Another neighbor was Little Owl, who had a large family. I watched them every day at their outside fire. His pretty young wife, Coming Running, was tall and slender, with jet-black hair, which hung in heavy braids below her waist. Strong and healthy, she was always at work, with a flock of small children about her. She had many cares—a babe in arms and a small daughter with a dangerous abscess, and two visitors to entertain from the Flathead tribe. Yet she was always smiling and in a good humor. I did not hear her complain or speak an angry word.

She had a little play-tepee for the children, made by a blanket fastened round a cluster of poles. There they kept their playthings—dolls with deerskin suits decorated with real beads and feathers, dolls in baby cases, also little robes and blankets and cooking utensils. The boys had bows and arrows, and stilts made of cottonwood, crooked sticks for hobbyhorses and wooden tops.

At the tepee of Running Fisher, I saw a pet coyote puppy, and at another place a tame magpie sitting on top of a lodge-pole. In former days these Indians had many pets—hawks, eagles and cranes, beavers, wolves and antelope. A chief had two grizzly bears for pets. They were so well trained he could make them lie down with noses between their paws.

Another Indian had a pet crane, which followed him everywhere, and was said to be very wise. The man and the crane went so much together the people called them father and son. Whenever he left the crane behind, it mourned and was unhappy, going through the camp, even into tepees, until it found its master and stood beside him.

I met an elderly man from the north, whose name was Natosin (Sun Chief). He was over six feet in height and had long gray hair falling over his shoulders. He was venerable in appearance and his face had a kindly expression. He occupied a small traveling-lodge and had two travois to carry his baggage, one with a wicker frame of green branches built over the seat, to shield him and his aged wife from the sun. When I asked him how it happened they came so far to attend a Sun Dance, he said:

“Last winter I was very ill; the doctors said I was going to die. But I made a vow to the Sun; if I recovered I would attend the next Sun Dance, wherever it might be. In the spring I heard that Mad Wolf and his wife were giving the ceremony, so I came from the north to fulfill my vow and eat one of the sacred tongues.”
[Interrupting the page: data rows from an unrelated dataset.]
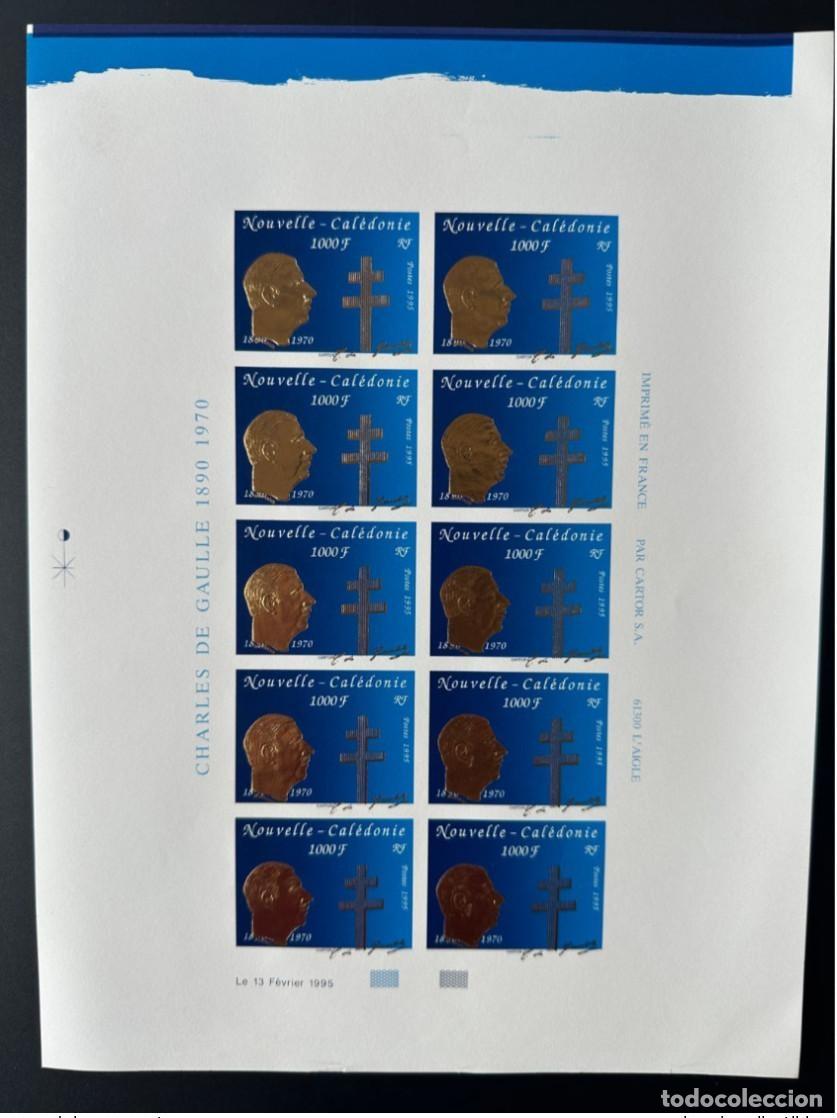 Sellos: Nueva Caledonia 1995 YT No. 682 VARIETE OR DECALE ND G&eacute;n&eacute;ral de Gaulle gold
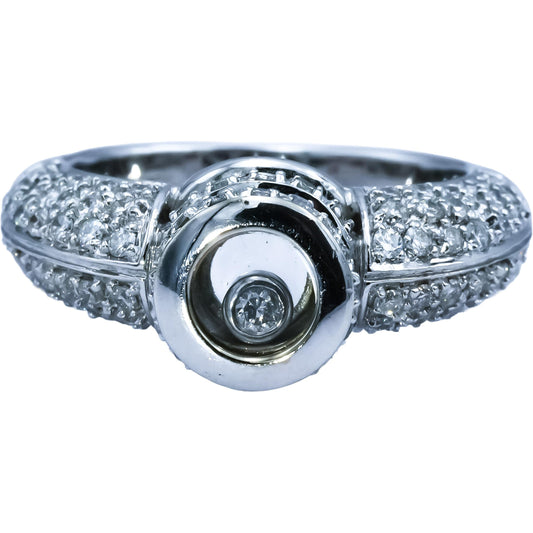 18k White Gold Round Floating Diamond Ring 1.0CT Size 7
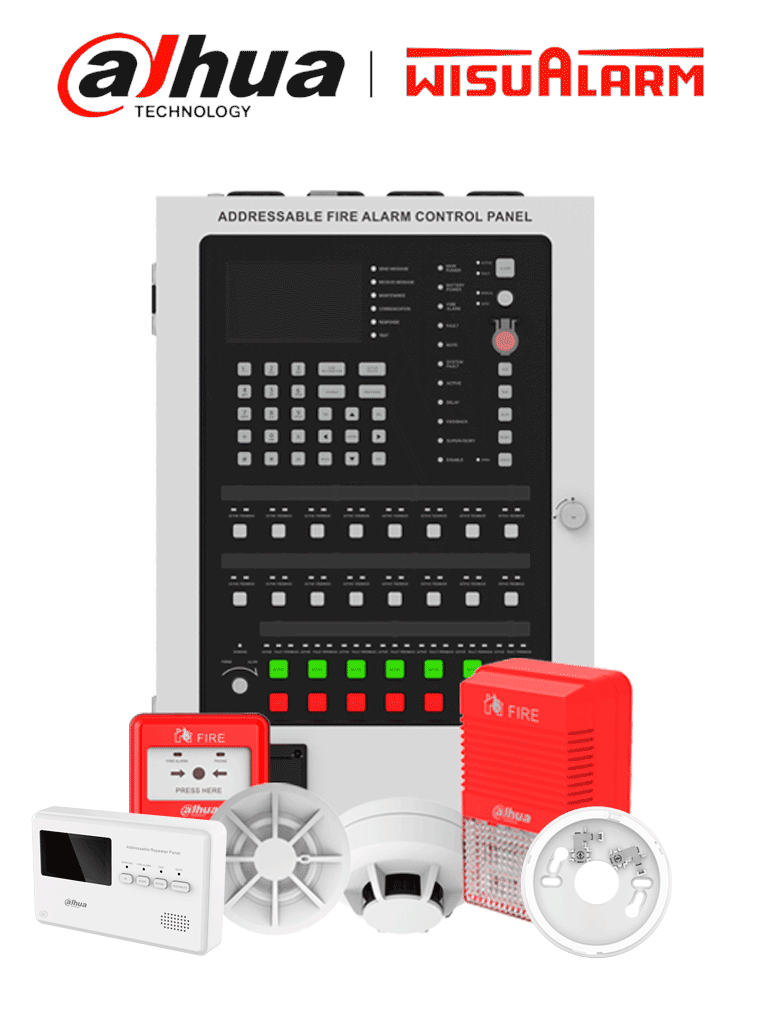 DAHUA WISUALARM HY-1022 Kit - Kit para certificación de incendio, Sistema direccionable, Incluye: DHI-HY-1301, DHI-HY-TCDZ, DHI-HY-1310, DHI-HY-1200, DHI-HY-ANDZ, DHI-HY-1500, DHI-HY-SGDZ, DHI-HY-1330 #LoNuevo #Wisualarm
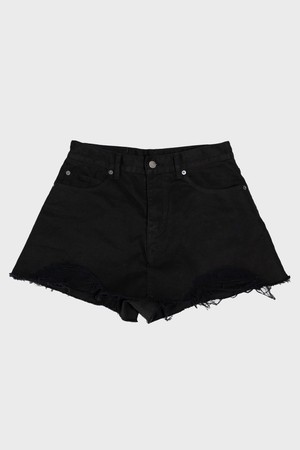 DENIM SKIRT PANTS - BLACK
I saw two women tanning a deerhide stretched on the ground, hair-side down, and held in place by wooden stakes. They raked it with large tools of bone sharpened at one end. Then they used an adzelike tool, removing the surface of the hide in chips, and made it of uniform thickness. When they had finished the flesh side, they turned the hide over and scraped off the hair and left it to bleach and cure in the sun.

At another lodge, I saw an aged woman with snow-white hair seated in the doorway, soft-tanning a skin by sawing it back and forth through a loop of twisted sinew fastened to a pole. Then she whitened it by rubbing it with a piece of fungus and the skin was ready for use.

The wife of Running Fisher was making decorated parfleches at the Otter Tepee, to be used as cases for packing with horses. And at the Buffalo Tepee of Wolf Plume, I saw a group of women at work, sewing a large lodge cover, which was spread between them on the ground. They enjoyed their work, smoking, gossiping, and feasting. The lodge covers were so large one woman could not handle them alone. It was the custom for a number of women to coöperate, making it a social affair with light refreshments. When the women finished at one lodge, they moved on to another.

A marked feature of Indian life was the superiority of the women in all household arts; they were trained in them from childhood. Though women performed most of the menial work and men were the providers and defenders, the women were not dissatisfied. A mother trained her daughter from childhood in tanning skins and making them into clothes and shelter; also in the knowledge of herbs and wild vegetables, which were used for eating and healing. Women considered this their special vocation and allowed no interference from the men, who were unfitted for the work.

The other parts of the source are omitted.